Overtime Regulations: One Step Closer to Change

The Department of Labor (DOL) has proposed significant changes to overtime rules. (See blog post: Five Things to Know About New Overtime Rules).  Under the DOL proposal, published in July 2015, some 5 million more workers will qualify to be paid “time and a half” for working more than 40 hours a week.  The DOL’s proposal would increase the salary threshold for overtime eligibility from $23,660 annually to $50,440 (a 113% increase), which would be automatically updated annually. The proposal also contemplates a change in the “duties test” to determine overtime eligibility, but it’s not clear what the agency has in mind.  Last week, the DOL submitted its final rule to the Office of Management and Budget (OMB) for approval.  OMB now has 90 days to review the rule before a final version is published.  While we don’t know for sure what is in the final rule, Congress has responded with legislation to block it.

Since the publication of the DOL’s proposal last year, numerous concerns have been raised about the implications of changing the overtime rules as DOL envisions. Some worry that the rule will reduce workplace flexibility and that the one-size-fits-all approach doesn’t consider regional cost-of-living or industry-specific differences.  The cost of implementation and compliance, which many feel the DOL has underestimated, is also of concern. The proposal suggests that the “duties test” may be in need of reworking, but the rule doesn’t say how, so any change included in the final rule will not be fully vetted.  Since July, the DOL has had the benefit of a public comment period and congressional hearings to receive feedback on its regulation.  Since we haven’t seen the final rule yet, we don’t know if any of that feedback was sufficient to alter the DOL’s thinking and result in significant changes to the rule before it was finalized.  Some in Congress presume not.
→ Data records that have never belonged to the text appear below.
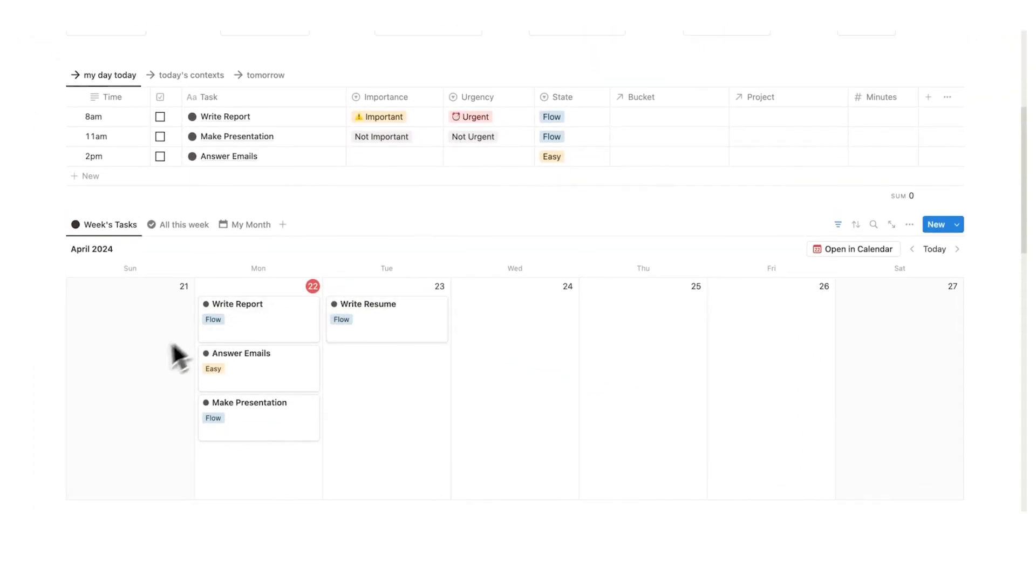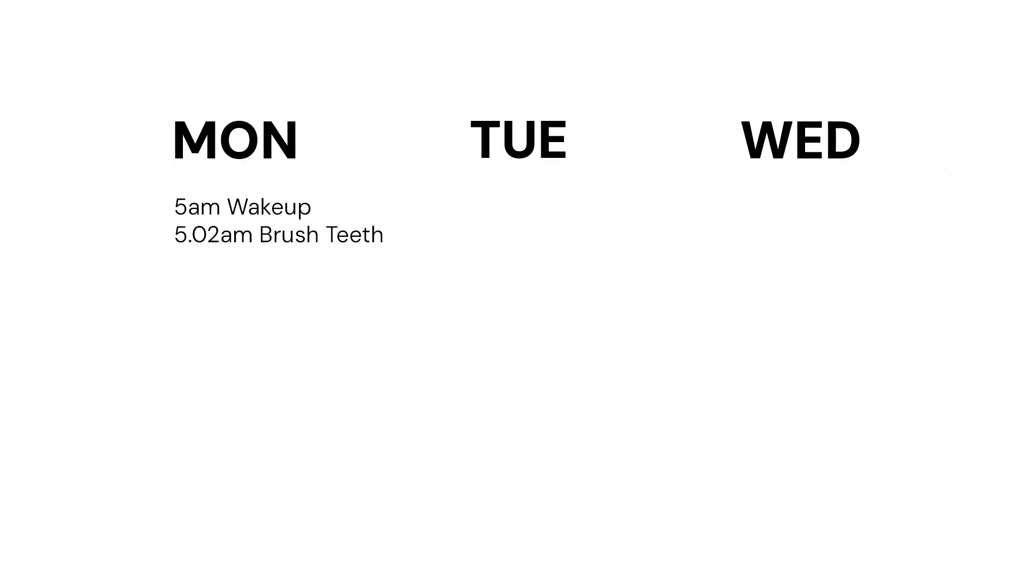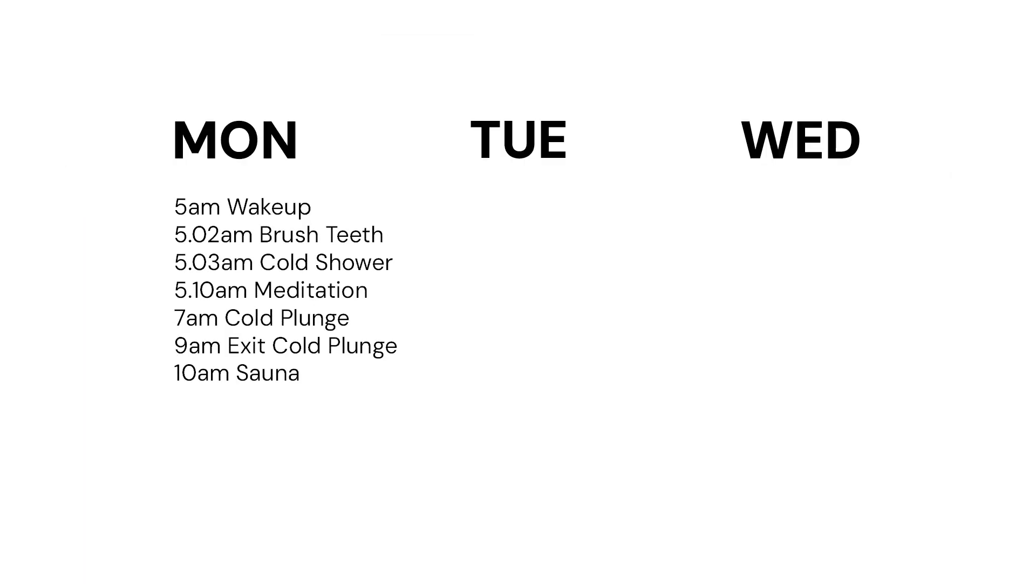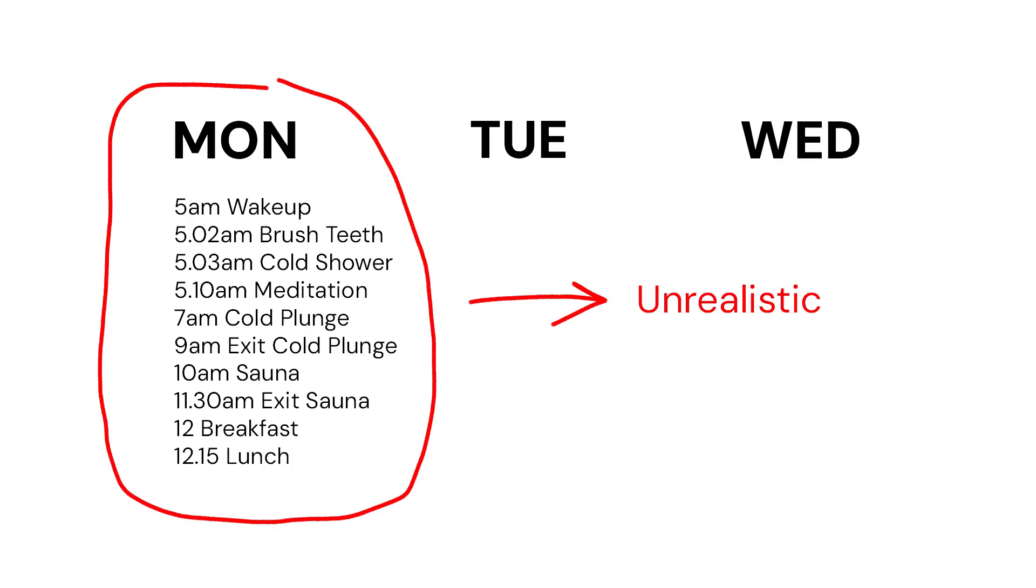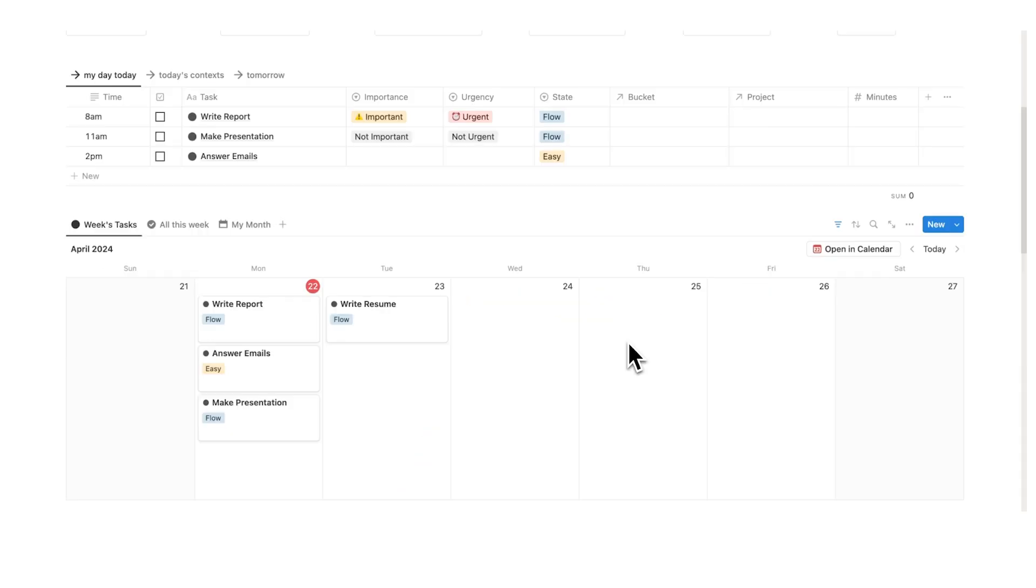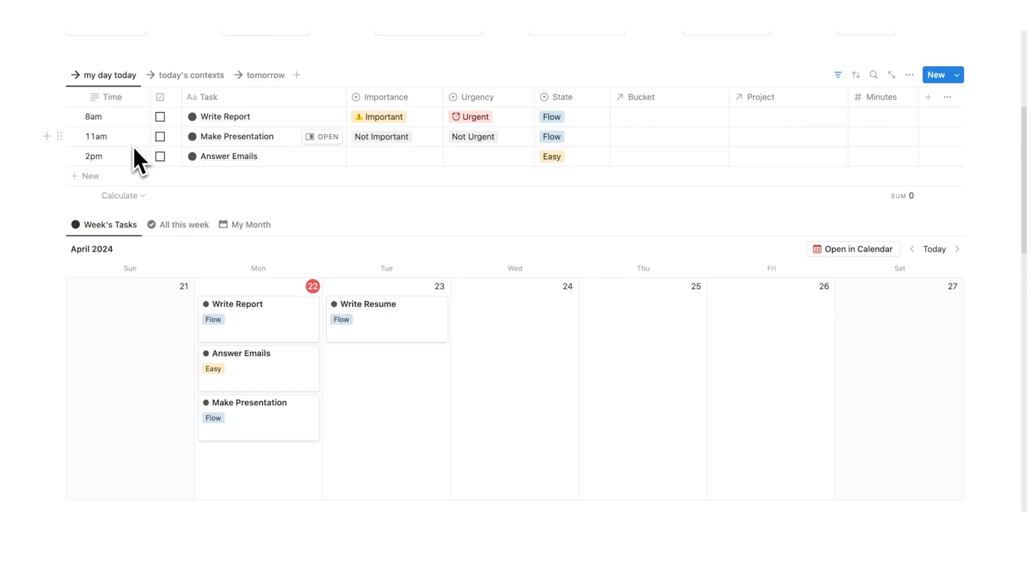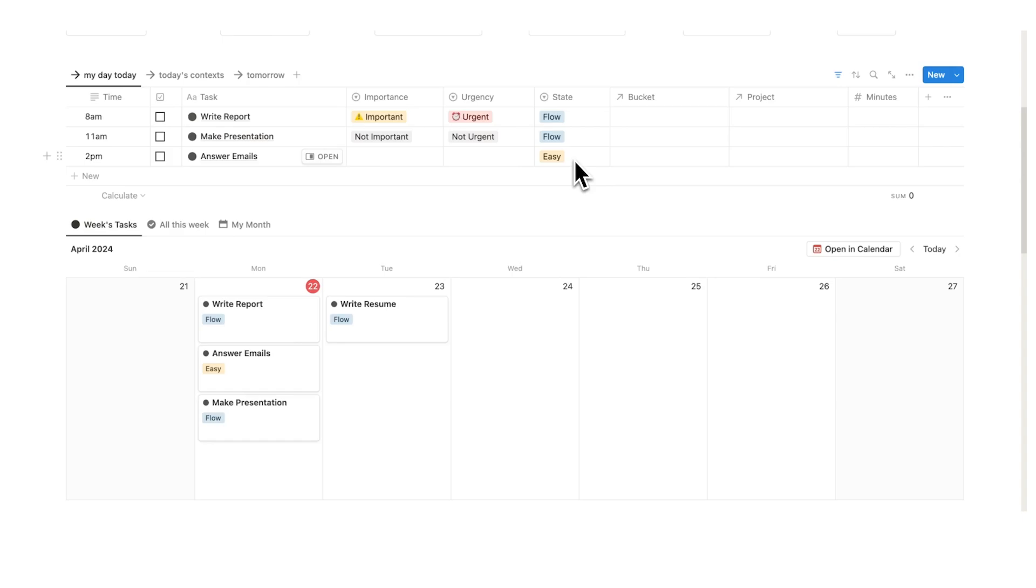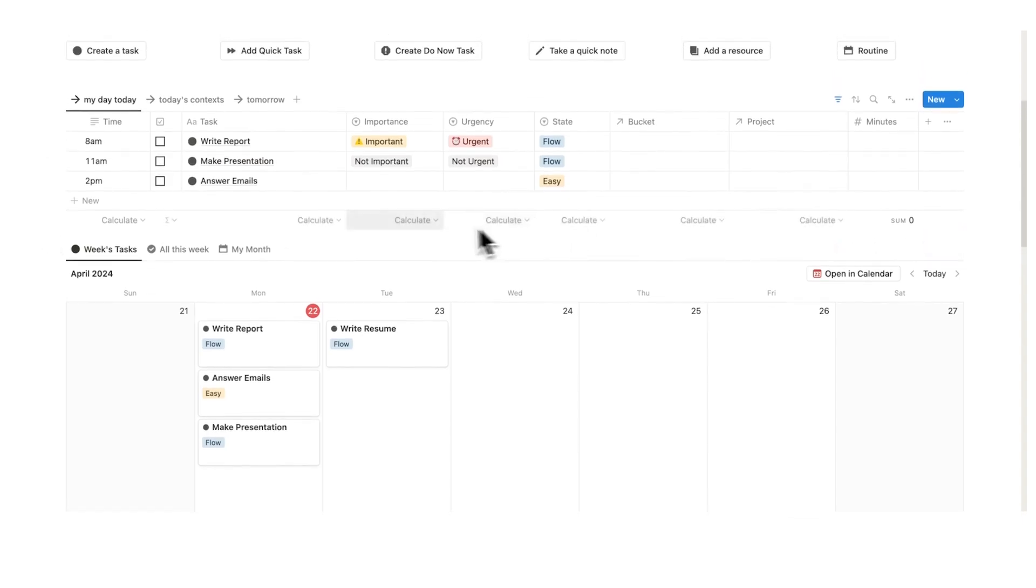Often what happens is people plan out these days that are just absolutely filled and every single second has a purpose, which is great, but the problem is it's just not realistic. You're probably not going to be able to work for 15 hours a day. So what we're doing here is not just ensuring that we have enough time to do it, but using this state property, we ensure that we have enough mental capacity for it. We want to ensure that our brain can actually handle taking on all of this work.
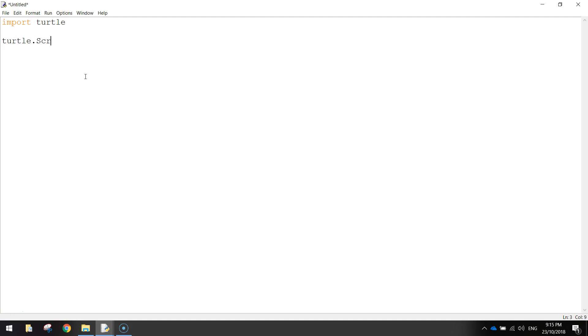From here, we'll write turtle.Screen() with a capital S. What that does is run a function called Screen, and it's going to open up a new window for us when our code runs.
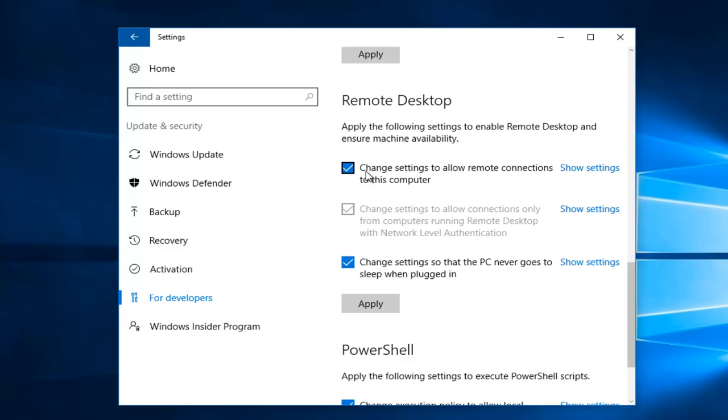Where it says Change Settings to Allow Remote Connections to this computer, left-click on the checkbox if it's currently checkmarked to disable it. You know it's disabled if it's just an empty box here.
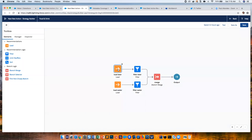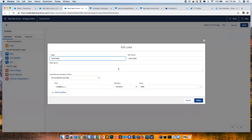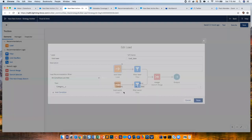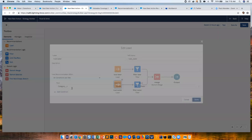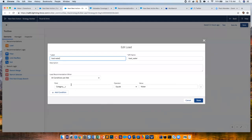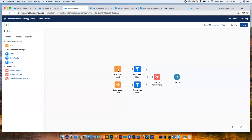These load steps define the potential universe of recommendations you might want to show. The 'Load Beer' step loads all recommendations where the Category custom picklist contains 'Beer.' The other step brings in recommendations where Category equals 'Water.' You can do and/or logic with multiple filters. These define the potential recommendations, and then comes the part where you actually surface them — this is where things get very cool and smart, because you can do a lot here.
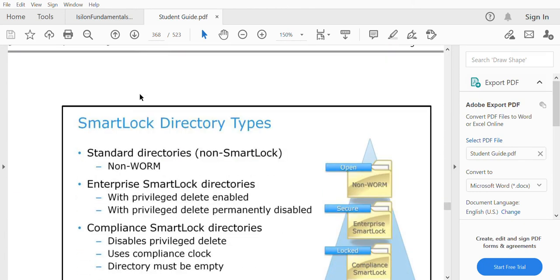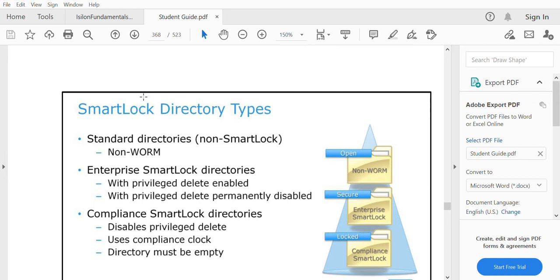The next part is SmartLock directory types. A normal standard directory is a non-WORM directory which is open and does not have any SmartLock on it. Enterprise SmartLock is a SmartLock applied on a standard cluster, and compliance SmartLock is a SmartLock applied on a compliance mode cluster.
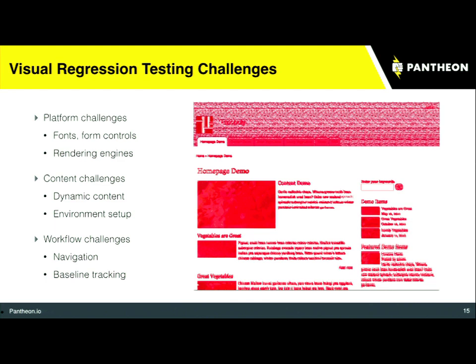There are quite a few challenges when doing visual regression testing — it's an incredibly useful tool and I would encourage you to try it. First, there are platform challenges: if you're on a Mac and someone else is rendering on a PC, even the same browser is going to look slightly different — the fonts can change, the form controls can change. Also the rendering engines — WebKit, Gecko, Internet Explorer — are going to render pages differently, and comparing them pixel by pixel with ImageMagick Compare won't be very helpful.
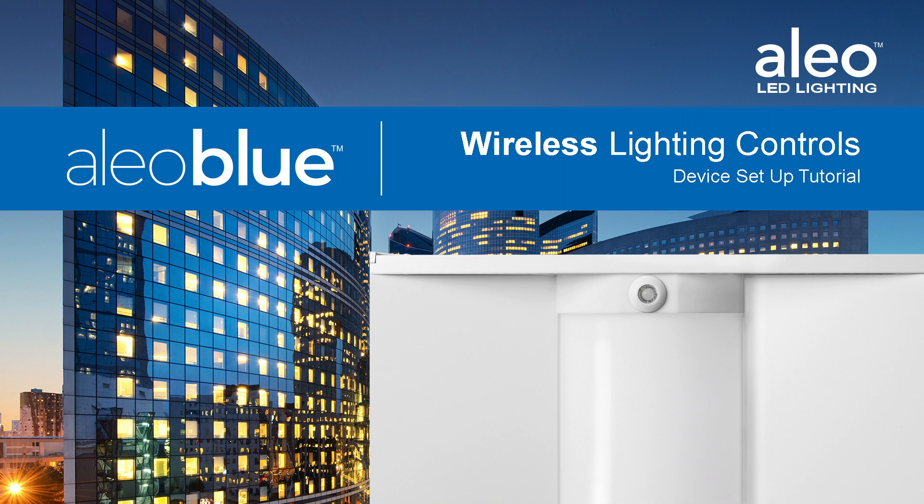Alio Lighting introduces Alio Blue wireless lighting controls. This is a device setup tutorial.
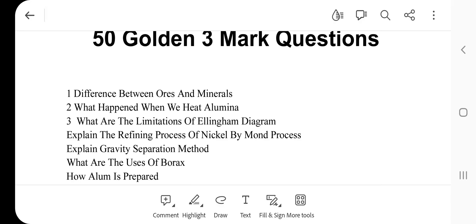Let's go to the video. The first question is the difference between Ores and Minerals. The second one is: What happens when we heat alumina? The third question is: What are the limitations of the Ellingham diagram?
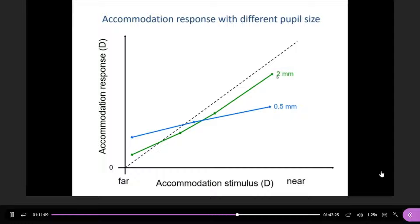If you use a smaller pupil, the accommodation leak increases, and so does the accommodation lag — both increase when switching to a smaller pupil. The pupil definitely affects tonic accommodation, and the point of intersection also changes. When you have a smaller pupil size, the amount of light that can reach the retina is reduced. For example, if the diameter increases by about four times, the area increases by 16 times.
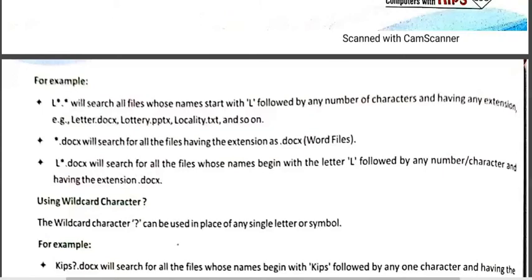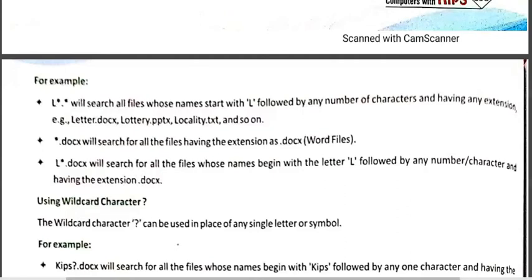Let's combine these two examples. If we search L asterisk dot docx (L*.docx), the result will show all those files which start with L and have a .docx extension. For example, letter.docx will be displayed, but lottery.pptx and locality.txt will not be displayed because even though they start with L, their extensions are .pptx and .txt respectively, and we are searching for .docx only.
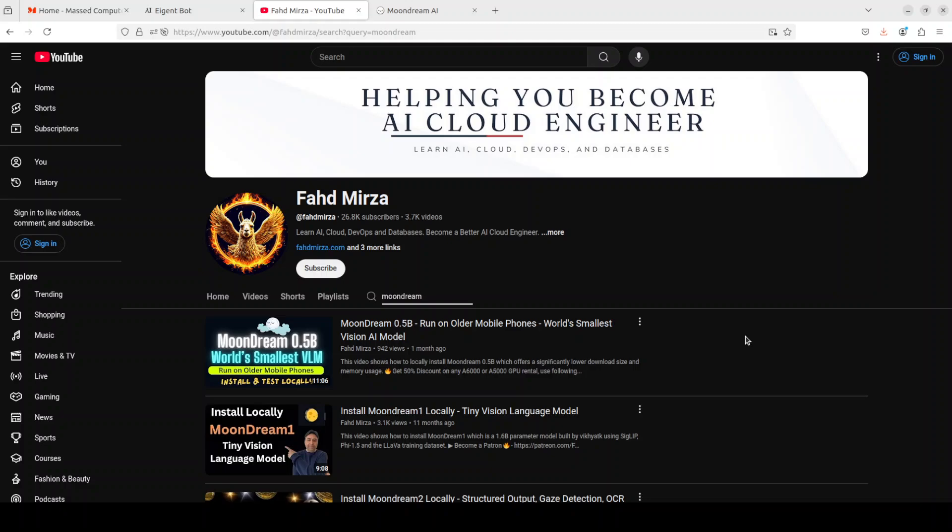So that's it, let me know what do you think. If you like the content, please consider subscribing to the channel. If you are already subscribed, please share it among your network as it helps. Thank you for watching.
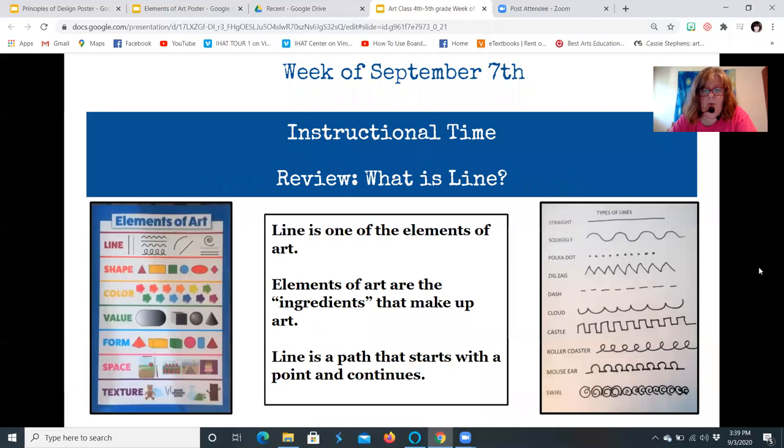Quick review: what is line? Line is one of the elements of art. Elements of art are those ingredients that make up art. Line is a path that starts with a point or a dot and continues. We looked at different types of line.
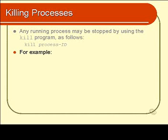For example, you might find out that the process ID you want to kill is 12548, and so you simply kill 12548. Let's have a look at that as an example.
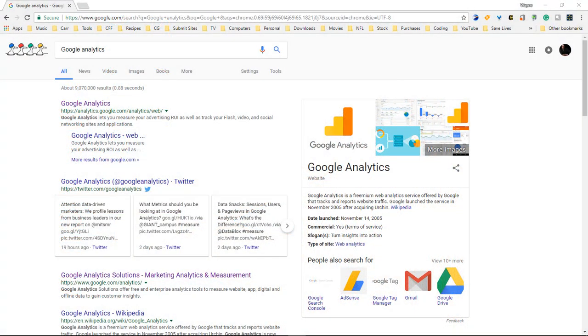What's up? Wayne Barron here with Dark Effects Studios and as you can tell we are inside of Google Analytics, so actually inside of Google search for analytics.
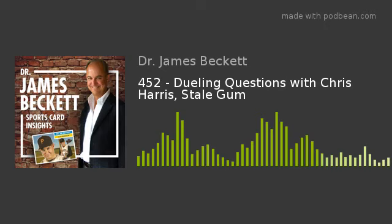Thanks, Chris, for your thoughtful questions, and thanks for answering mine. Collectors can find you at Stale Gum — on Twitter at Stale Gum, and at stale gum.com and baseballcardpedia.com. Thanks, Chris Harris, and thanks to our listeners — we'll be back again tomorrow with another episode.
Three days after the final rule was sent to the OMB for review, the House and Senate introduced legislation to repeal the proposal and lay out instructions on how DOL must proceed if it wants to issue any similar regulation.  The Protecting Workplace Advancement and Opportunity Act would:

1. Nullify the DOL’s overtime rule

2. Allow a “substantially similar” rule to be proposed only if certain requirements are met, including:

  • A full and complete economic analysis using improved data that, among other things,
    • addresses geographic cost-of-living differences;
    • analyzes the percentage of full-time workers affected, broken down by state, industry, small organizations and businesses, small governmental entities (including school districts), non-profits, and some health care providers;
    • considers the impact on lower wage industries, including by geographic area;
    • analyzes management and HR costs;
    • considers non-financial costs, such as the impact on workplace flexibility
  • Publication of a small business compliance guide
  • A public comment period of at least 120 days
  • An effective date that is at least one year after publication of a final rule

3. Require any future rule that changes the “duties test” to provide proposed regulatory language that is subject to public comment.

Even if the legislation is passed by the House and Senate, the President will not be inclined to undermine his administration by signing it.  Still, it would highlight for the OMB, as it reviews DOL’s work, the concerns that Congress and others have with the administration’s approach. Congress may also decide to invoke the Congressional Review Act (CRA) after the rule is finalized.  Under the CRA, Congress has 60 days to pass a resolution disapproving the regulation. Again, if any such resolution passed, it would likely face a veto from the President.  Some of these maneuvers may be pursued with some hope of delay.  The closer to the end of this (election) year that regulations are finalized, the more opportunity there is to overturn them when a new administration is in office.

Let’s remember that we don’t know for sure what the DOL’s final proposal looks like or what OMB will do.  By early summer, we should have more answers and the next steps will be more clear.